Diego Calva: Gracias.
Alfonso Herrera: En mi caso, cuando me audicioné para el papel, decidí no leer el guión de inmediato para no enamorarme de él. Trato mis audiciones como boomerangs: las lanzo y si vuelven, las atrapo. Así que cuando finalmente leí el guión y me enamoré, supe que tenía que ser parte de este proyecto. Mi personaje, Sandra, resuena mucho conmigo como mujer latina queer en California. Sentí una conexión profunda con ella y sabía que podía interpretarla auténticamente.
Alfonso Herrera: Para mí, es crucial que las personas queer y diversas se sientan representadas en el arte. Quiero que quienes vean esta película encuentren un sentido de hogar y pertenencia en ella. Creo que es importante que los artistas brinden esa seguridad a través de sus obras. En cuanto a futuros proyectos, siempre busco personajes con los que pueda identificarme y contar sus historias de manera auténtica. Eso es lo que intenté lograr con mi papel en En caballos rápidos.
¿Cómo te preparaste para interpretar a tus personajes en una época tan crucial para los derechos civiles y LGBTQ+?
Alfonso Herrera: Nuestro director, Dan, nos proporcionó una gran cantidad de recursos para sumergirnos en la época y los contextos de nuestros personajes. Personalmente, investigué mucho sobre la aceptación legal de la diversidad sexual y descubrí que no fue hasta 1975 que ser queer fue legalmente aceptable. Este dato fue revelador para mí y me ayudó a comprender mejor a mi personaje. Dan trabajó individualmente con cada uno de nosotros, brindándonos información específica para enriquecer nuestras interpretaciones. Fue un proceso enriquecedor y educativo que influyó profundamente en mi actuación.

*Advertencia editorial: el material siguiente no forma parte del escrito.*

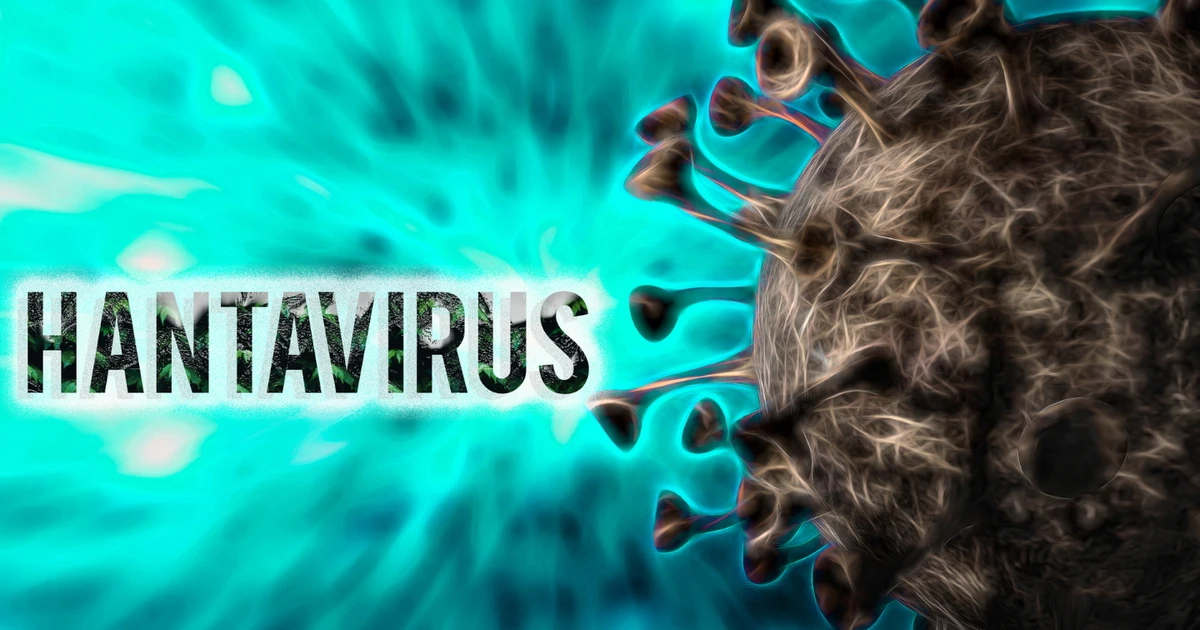 Bộ Y tế thông tin về virus Hanta gây bệnh nặng lây từ chuột sang người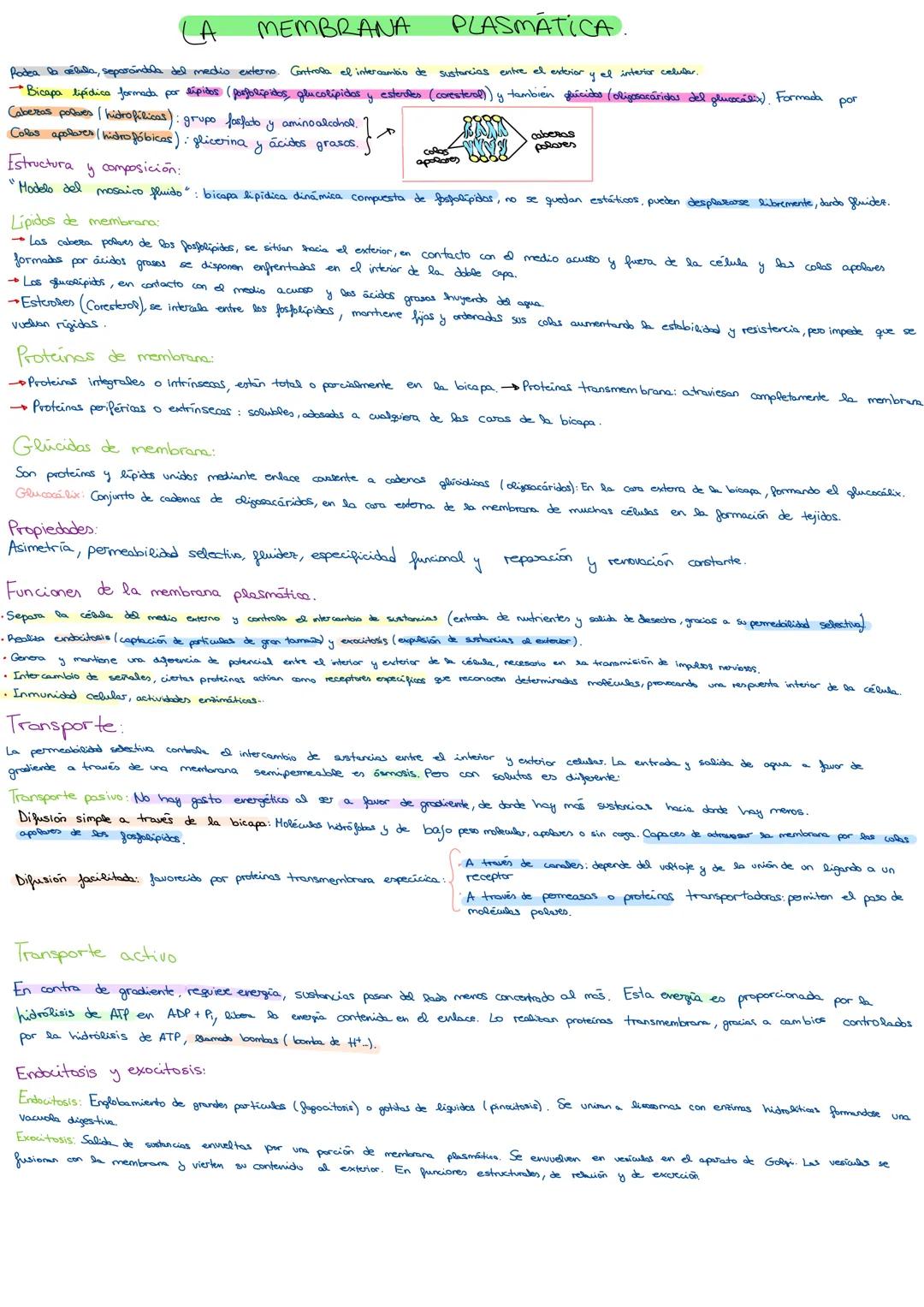 --- OCR Start ---
Célula procariota: bacteriana.
De menor tamaño (2-5 μm)
CELULA PROCARIOTA Y EUCARIOTA:
Formas: Cocos (esféricos); Bacilos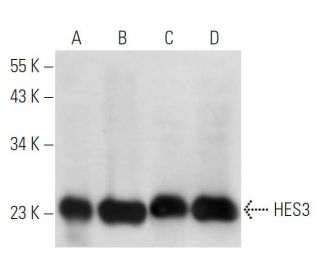 HES3 Antibody (B-12) - Western Blotting - Image 15006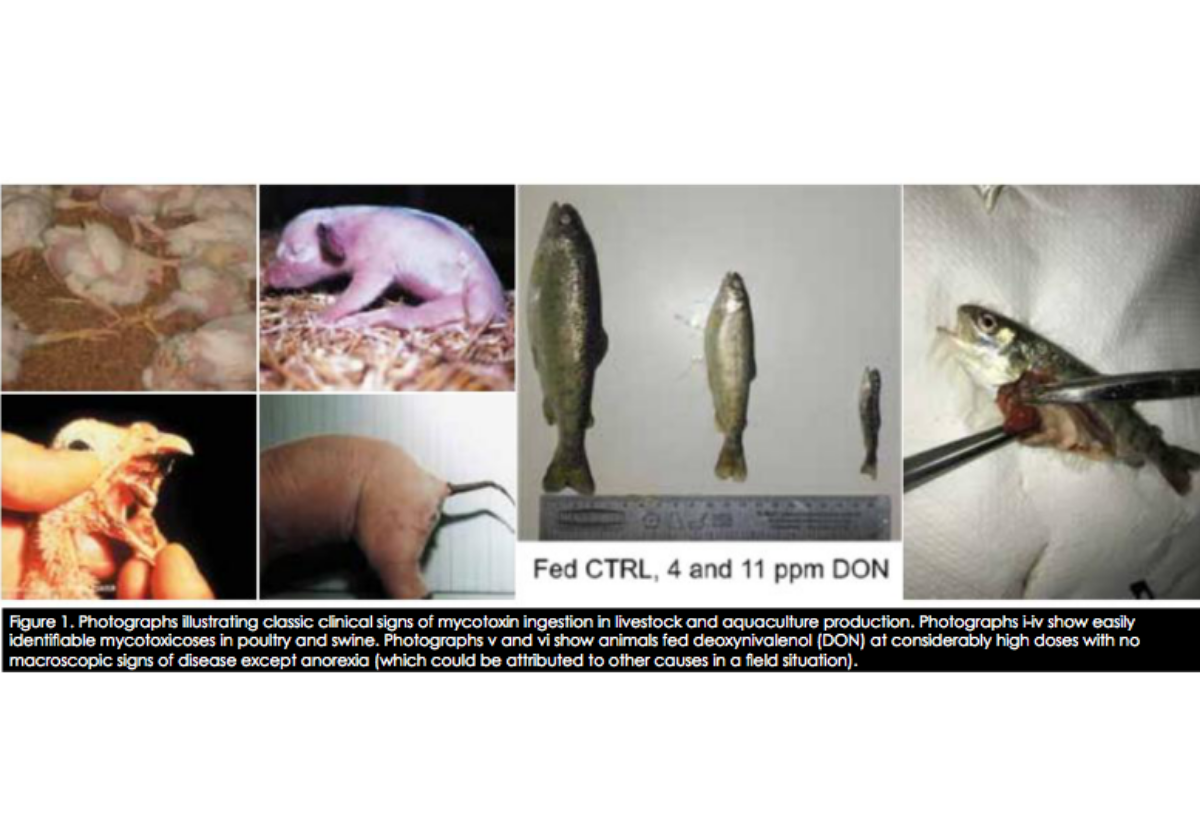 Mycotoxin management in livestock production: A model for aquaculture?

Diego Calva: Durante la gira de prensa, Dan nos proporcionó una gran cantidad de material para sumergirnos en la época y el contexto de nuestros personajes. En mi caso, investigué sobre la presencia mexicana en Estados Unidos en los años 20 y 30, lo cual fue un desafío debido a la falta de información disponible. Descubrí que los latinos ya estaban involucrados en la industria del cine y en diversas actividades. Fue un proceso fascinante que enriqueció mi comprensión del personaje y su contexto histórico.
Descubriendo la identidad queer en los años 50
Al adentrarnos en el pasado a través de una película de los años 50, nos encontramos con un mundo lleno de códigos y secretos que moldearon la identidad de las personas queer en esa época. Encontrar un libro que revela parte de la subcultura de los engrasadores nos sumerge en un universo donde la identidad se ocultaba bajo capas de significados ocultos.
La lucha por la aceptación y pertenencia
- Subcultura de los engrasadores: Ser parte de esta subcultura implicaba vivir bajo un código que era crucial para las personas queer en esa época.
- Identidad oculta: Todo era secreto, lugares escondidos y una forma de actuar diferente para sobrevivir en un mundo dominado por hombres blancos y heterosexuales.
Este descubrimiento no solo impactó en la interpretación del personaje, sino que también resonó en la vida personal del actor, quien aún hoy siente la dificultad de encajar en ciertos ambientes, incluso cuando visita América. La sensación de no pertenencia, aunque no proviene de malicia, sigue siendo un desafío constante.
Un recordatorio de la lucha por los derechos
En medio de una sociedad que parece retroceder en cuanto a derechos y aceptación, esta película se convierte en un recordatorio de la importancia de avanzar hacia un futuro más inclusivo. La ilegalidad de la identidad queer hasta 1975 es una muestra de lo lejos que aún debemos avanzar como sociedad.
Un llamado a seguir adelante
Es necesario recordar que el progreso no es lineal y que debemos seguir luchando por la igualdad y la aceptación de todas las identidades. Esta película no solo es un reflejo del pasado, sino también una luz que guía hacia un futuro más inclusivo y respetuoso.